Materials and Methods

Organism Complexity

The number of unique cell types was used as a proxy of organism complexity. Estimates of CTN per species were compiled from previous studies (Valentine et al. 1994; Bell and Mooers 1997; Hedges et al. 2004; Haygood and Investigators 2006; Lang et al. 2010; Schad et al. 2011); data in graph form from Valentine et al. (1994) as interpreted by both Erwin (2009) and Vogel and Chothia (2006) were also included. Following the methodology of Vogel and Chothia (2006), where more than one estimate of CTN was available for a species, the average of the minimum and maximum number was used. In addition, we included a revised CTN estimate for humans (Vickaryous and Hall 2006). Supplementary table S1, Supplementary Material online, provides averaged complexity estimates for both pro- and eukaryotic species, whereas supplementary table S14, Supplementary Material online, shows the sources.

Identification of Alternative Splicing Events

Comparable alternative splicing events were obtained using the following approach. Over 39 million EST sequences, accounting for 112 species, were downloaded from dbEST (Boguski et al. 1993) and matched to their corresponding genome using GMAP (Wu and Watanabe 2005) (these species are identified in supplementary table S1, Supplementary Material online, by a positive value in the column titled “total number of ESTs”). Genome sequences and annotations were obtained from sources contained in supplementary table S1, Supplementary Material online. Cancer-derived EST libraries from human and mouse were removed from all analyses presented. To ensure high-quality alignments, we only retained those ESTs with 95% identity. ESTs were assigned to genes using gene annotation coordinates. EST alignments were then used to create an exon template. These templates were generally in agreement with existing exon annotations and also identify a small number of nonannotated exons and discard orphan exons likely to be nested genes.
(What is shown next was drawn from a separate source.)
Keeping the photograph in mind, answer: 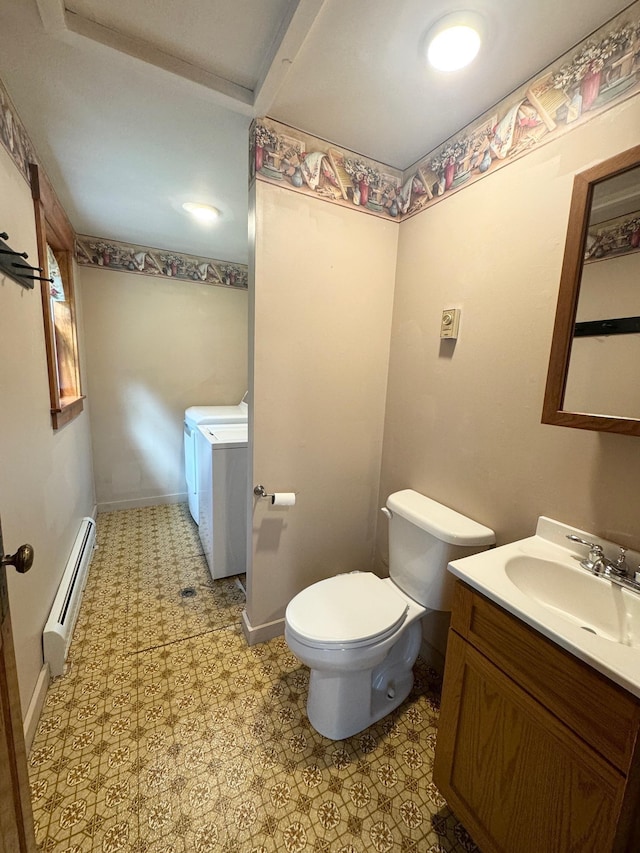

Alternative splicing events per gene were identified by comparing alignment coordinates for each individual EST to exon annotations. A comparable alternative splicing index that avoids transcript coverage biases was obtained using the transcript normalization method described by Kim et al. (2007). Briefly, for each gene with greater than 10 ESTs, 100 random samples of 10 ESTs were selected. The number of alternative splicing events were calculated for each random sample (as detailed earlier), with an overall average calculated per gene. The ability of this method to correct for transcript coverage bias and calculate an accurate number of alternative splicing events is shown in supplementary figure S1, Supplementary Material online. To estimate ASP, a gene was considered to be alternatively spliced if it had at least an average of one alternative splicing event identified in each of the 100 random samples.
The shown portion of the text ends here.